=== What you have to do ===
Below are the records; output them exactly from the first line through the line with "New Build - Villa - Orihuela", stopping there.

(Brief descriptive captions)

[Start of section]

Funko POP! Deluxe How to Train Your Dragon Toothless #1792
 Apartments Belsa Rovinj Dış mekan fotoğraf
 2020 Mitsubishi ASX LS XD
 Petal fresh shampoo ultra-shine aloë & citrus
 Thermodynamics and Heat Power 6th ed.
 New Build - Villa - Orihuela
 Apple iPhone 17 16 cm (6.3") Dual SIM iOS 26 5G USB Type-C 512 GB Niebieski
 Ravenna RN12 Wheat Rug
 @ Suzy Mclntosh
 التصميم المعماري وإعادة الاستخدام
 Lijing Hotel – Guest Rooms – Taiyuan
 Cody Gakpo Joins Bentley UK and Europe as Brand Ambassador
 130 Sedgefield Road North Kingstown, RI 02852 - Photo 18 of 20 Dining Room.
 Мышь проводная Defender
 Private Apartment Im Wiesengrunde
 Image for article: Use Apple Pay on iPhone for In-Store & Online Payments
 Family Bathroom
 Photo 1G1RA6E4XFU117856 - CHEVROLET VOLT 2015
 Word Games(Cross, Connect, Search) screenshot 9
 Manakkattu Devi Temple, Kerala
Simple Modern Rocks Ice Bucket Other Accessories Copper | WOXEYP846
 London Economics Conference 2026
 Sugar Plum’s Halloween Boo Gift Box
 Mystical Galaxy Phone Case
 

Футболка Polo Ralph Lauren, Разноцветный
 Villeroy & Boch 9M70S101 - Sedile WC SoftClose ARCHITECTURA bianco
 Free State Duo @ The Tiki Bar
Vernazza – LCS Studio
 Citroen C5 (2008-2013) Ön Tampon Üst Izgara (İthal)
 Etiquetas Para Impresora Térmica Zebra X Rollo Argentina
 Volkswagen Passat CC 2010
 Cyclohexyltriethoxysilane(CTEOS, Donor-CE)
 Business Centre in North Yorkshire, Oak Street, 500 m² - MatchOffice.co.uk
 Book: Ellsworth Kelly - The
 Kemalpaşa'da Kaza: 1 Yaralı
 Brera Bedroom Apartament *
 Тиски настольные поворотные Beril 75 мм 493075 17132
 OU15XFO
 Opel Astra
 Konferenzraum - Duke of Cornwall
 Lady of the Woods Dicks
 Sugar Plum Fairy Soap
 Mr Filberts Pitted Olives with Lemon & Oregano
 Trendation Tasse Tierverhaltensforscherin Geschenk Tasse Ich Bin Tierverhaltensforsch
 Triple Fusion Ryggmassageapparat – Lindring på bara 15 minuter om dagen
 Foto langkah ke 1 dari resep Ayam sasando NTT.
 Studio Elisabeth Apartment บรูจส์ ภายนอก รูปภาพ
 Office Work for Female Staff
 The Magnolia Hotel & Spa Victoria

[End of section]

=== Task answer ===
Funko POP! Deluxe How to Train Your Dragon Toothless #1792
 Apartments Belsa Rovinj Dış mekan fotoğraf
 2020 Mitsubishi ASX LS XD
 Petal fresh shampoo ultra-shine aloë & citrus
 Thermodynamics and Heat Power 6th ed.
 New Build - Villa - Orihuela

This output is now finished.